Another of the faith’s great themes is thereby revealed: the astonishing heroism and nobility of the ordinary. It is not the great and mighty of Tolkien’s world who undertake this quest, although they have their place, but the obscure, or even the ridiculous: a retired country gentleman who inherited his wealth, and his gardener. It is the same absurdity that we see in the third chapter of Luke, where“In the fifteenth year of the reign of Tiberius Caesar—when Pontius Pilate was the governor of Judea, Herod tetrarch of Galilee, his brother Philip tetrarch of Iturea and Traconitis, and Lysanias tetrarch of Abilene—during the high priesthood of Annas and Caiaphas, the word of God came to John son of Zechariah in the desert.”No one looking for the center of the action on planet Earth in this year would have looked to a man dressed in skins and eating bugs in the desert. But God rarely seems to choose the Caesars of the world to do anything that God considers important. In the Christian view of history — flying in the face of the history given to us by CNN — the most incredible thing ever done by a human being ends up being an unmarried pregnant girl who has the courage to say “Here I am, your servant.” In our media-dominated culture, with its constantly-reinforced vision of who and what is really important, I think that we easily forget this.

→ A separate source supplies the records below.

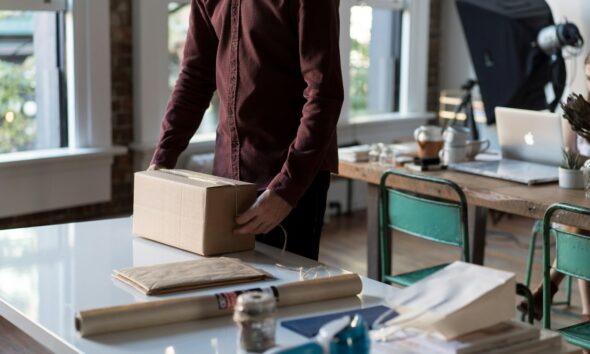 person holding cardboard box on table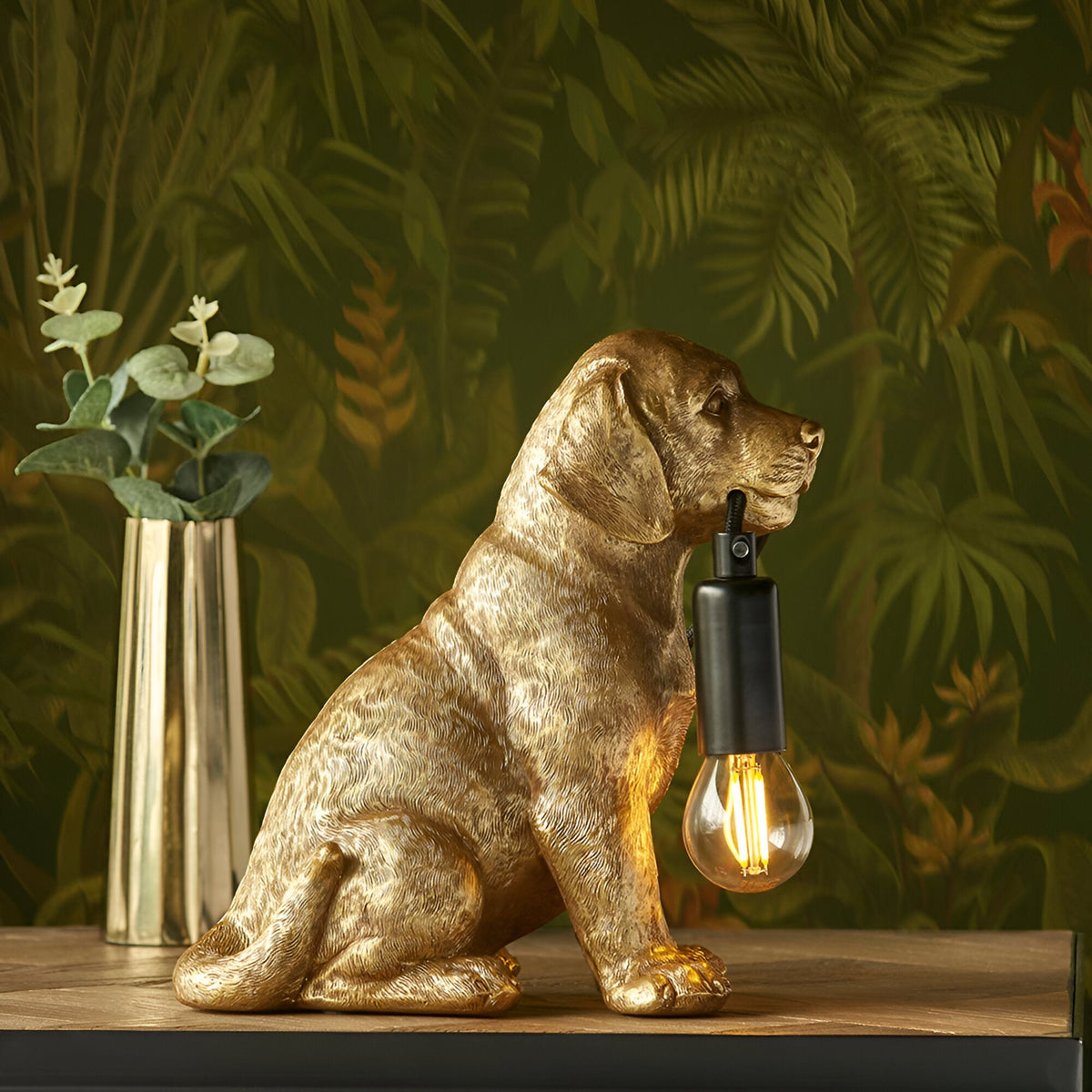 Brockworth Table Lamp in gold resin, shaped as a sitting Labrador puppy holding a black-fitted filament bulb, set against a leafy green backdrop.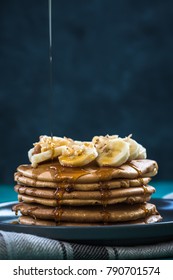 Topping pancakes pile with maple syrup.Healthy brunch
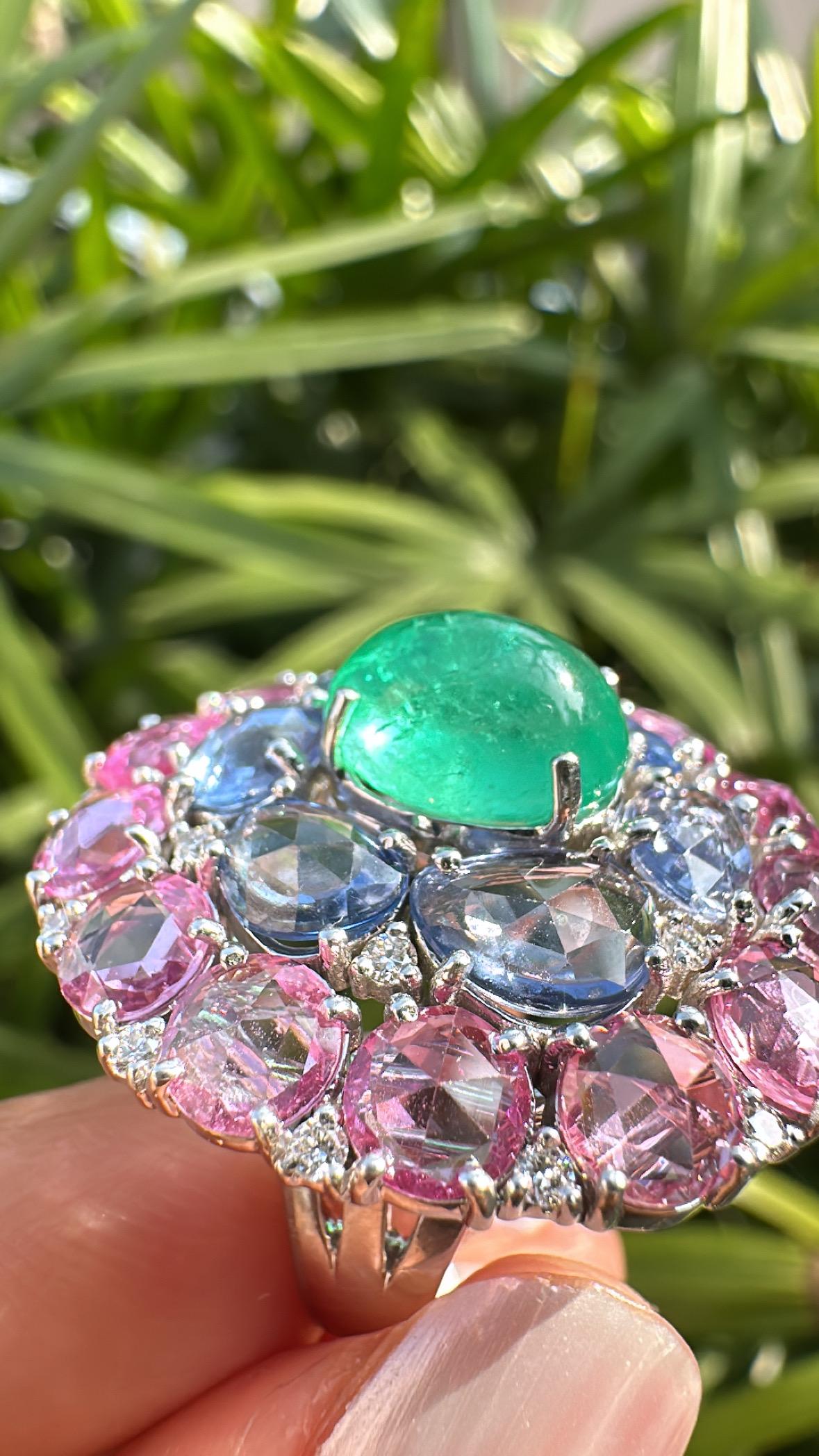 Ein wunderschöner Cocktailring aus Smaragd, blauem und rosa Saphir in 18 Karat Weißgold und natürlichen Diamanten. Das Gewicht des Smaragd-Cabochons beträgt 3.58 Karat. Der Smaragd ist völlig natürlich, unbehandelt und stammt aus Kolumbien. Das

The list can go on. Perhaps the most poignant of the faith’s themes that we can see in the novel is that of self-sacrifice. The knowledge that even our death is something that we can use — a target into which the arrow of our lives can pierce —is central to the ancient and modern drama of martyrdom. It is seen in the tragic-triumphant table talk at the Last Supper, when Jesus tells us, “Greater love has no one than this, that he lay down his life for his friends.” What will be saved in Middle-Earth is saved, but not for those who brought about the salvation. It is saved for the largely unknowing and thereby ungrateful. It defies the logic of self-interest, of “What’s in it for me?” But in the bittersweet melancholy of its conclusion, the tale holds out the hope of something beyond what we seem to be left with, as the Resurrection of Christ holds out some undefined hope for us: that what is thought to be the end of the story is in fact, only the end of an early chapter.
So adapting this story to film could have a variety of effects. In 1939, C. S. Lewis seemed amused to note that out of about sixty reviewers of his science-fiction novel Out of the Silent Planet, only two were aware of how he was actually re-telling something of the Christian story in his space adventure. He wrote a friend that “this great ignorance might be a help to the evangelisation of England; any amount of theology can now be smuggled into people’s minds under cover of romance without their knowing it.” This is true, I find as a teacher, but ignorance cuts both ways: poor theology — from Bugs Bunny cartoons, The X-Files and the frequently-horrific Discovery Channel — is also lodged in my students’ minds. So I have hopes for the movie to be a great success and that it will put something mythological and sound into my students’ minds as a potential aid to their theological education. But I have a greater hope, which I will tell each of them as the movie-hype gets louder: read the book.